Anyway, here's my controller, inspired (more importantly incited) by Truman and Qldkev's controller box and Gava's brewery build threads just to name a couple.

It uses an Auber 2352 for the HLT, 2352P for the HERMs both using pt100 sensors. It runs two 2200w elements and two Kaixin pumps using two 10amp inputs. I'm currently using a gas fired keggle but have left enough room for an extra PID and switches if I ever go all electric.

Cheers,


----------



## StalkingWilbur (9/7/14)

Damn. That looks awesome! 

What's the black insulation material you've used?


----------



## Online Brewing Supplies (9/7/14)

Sorry didnt have room for all the bling things


----------



## Camo6 (9/7/14)

Armaflex insulation. Picked it up from a fellow AHB member. Around 19 or 22mm IIRC. Works well, I figure, as my KK element is still going strong!



















...touch wood.


----------



## Camo6 (9/7/14)

Online Brewing Supplies said:


> Sorry didnt have room for all the bling things
> hermitv2.5.JPG


What's that Nev? Some sort of MP3 player? I saw one of those at Lukec's when I got the Armaflex. Very tidy bit of kit and he had nothing but praise for it.


----------



## lukec (9/7/14)

I may have one for sale very soon 2nd hand as I just upgraded to braumeister 


Camo6 said:


> What's that Nev? Some sort of MP3 player? I saw one of those at Lukec's when I got the Armaflex. Very tidy bit of kit and he had nothing but praise for it.


----------



## gava (9/7/14)

Here's a picture I've taken tonight, as you can see my temp dodgy labels are still on there 
I'll get a shot of the inside soon, Not as pretty as Camo6










Cheers
Gav


----------



## Danwood (9/7/14)

Here's mine.

She's a real beaut !


----------



## Camo6 (9/7/14)

gava said:


> Not as pretty as Camo6
> 
> Cheers
> Gav


Thanks Gav, will you still say that in the morning?

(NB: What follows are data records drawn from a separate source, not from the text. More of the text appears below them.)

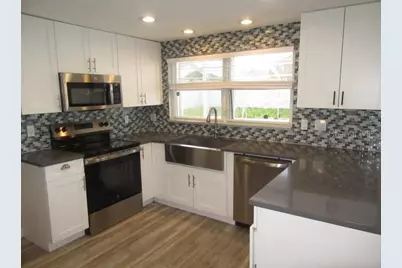 7010 Cobblewood Court, Tampa, FL 33615 - Photo 8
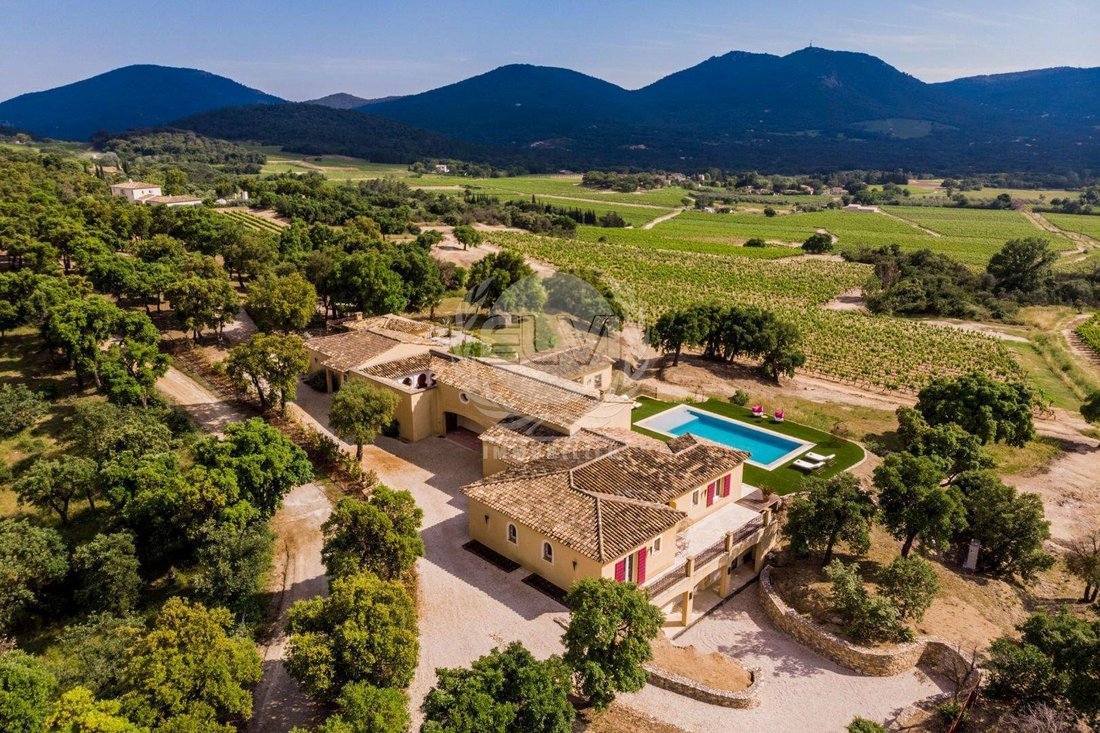 Propriété à Plan De Dans Le Plan De La Tour, Provence Alpes Côte D'azur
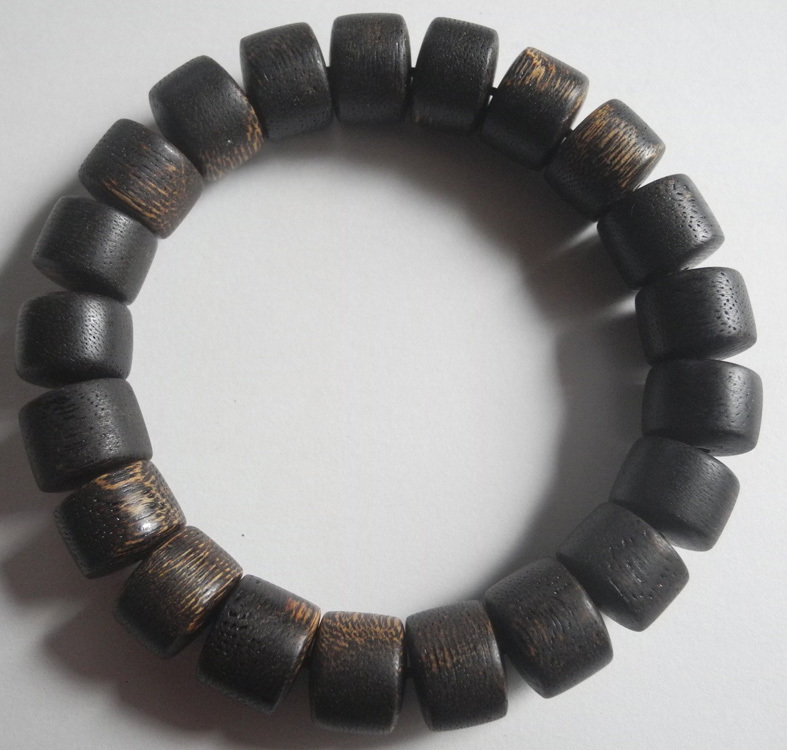  Vietnam production . tree .. bracele beads genuine article good quality superior article! 30g 8mm.. fragrance agarwood fragrance aroma healing ( inspection Buddhist altar fittings water ...agarwood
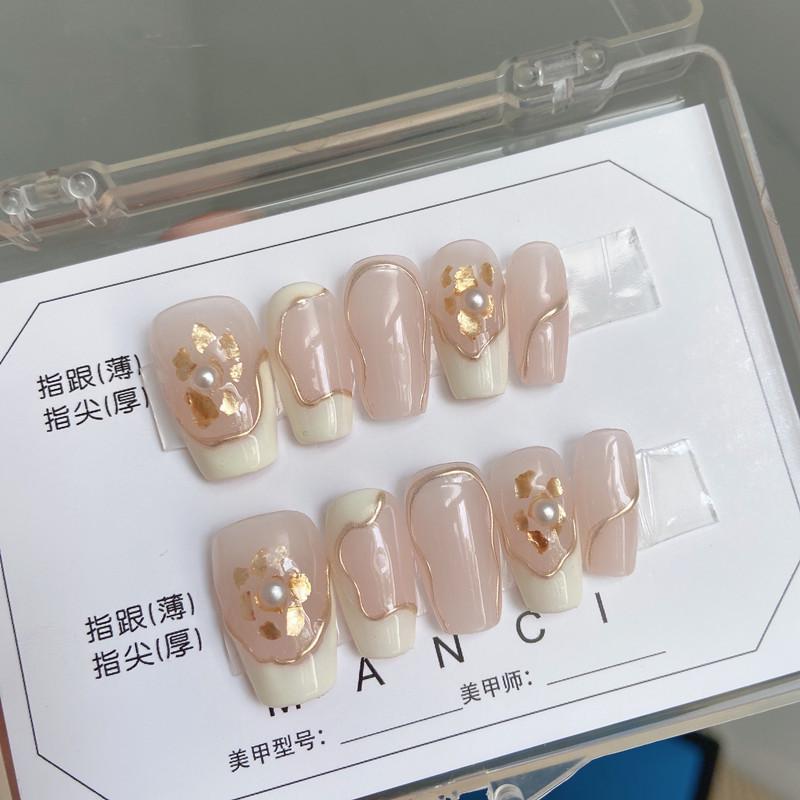 

Осенне-зимние носибельные ногти с молочно-белыми линиями, хлопьями слюды, жемчугом - накладные ногти ручной работы в стиле интернет-знаменитости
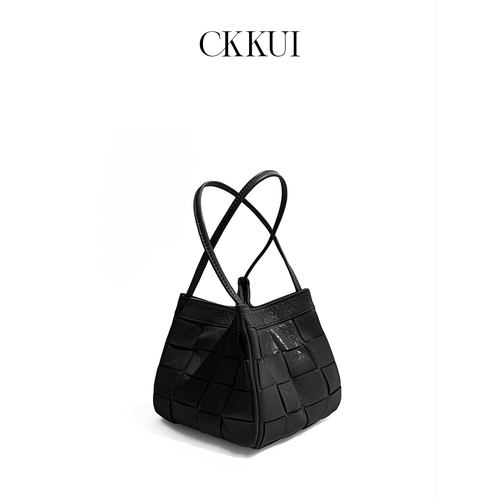 CKKUI高级感真皮编织女包2025年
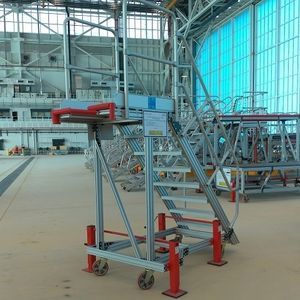 maintenance stepladder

Edit: I've gotta get round to labels too some time.




Danwood said:


> Here's mine.
> 
> She's a real beaut !


Jesus Dan, you make your wife stir the mash?


----------



## Danwood (9/7/14)

If that's a euphemism...then yes, I do.


----------



## Smokomark (9/7/14)

lukec said:


> I may have one for sale very soon 2nd hand as I just upgraded to braumeister



Pm me if you want to sell.


----------



## Danwood (9/7/14)

That comment Cameron, is clearly designed to distract yourself from the stark realization that my brew controller is superior.

With yours can you -

Wave to the local publican when you depart the establishment ?

High-five a team mate following a big win in the Lacrosse game/match/tourney?

Effectively administer directions to a fellow pedestrian when words are not practicable ? For example, excessive traffic noise or distance between the two parties. 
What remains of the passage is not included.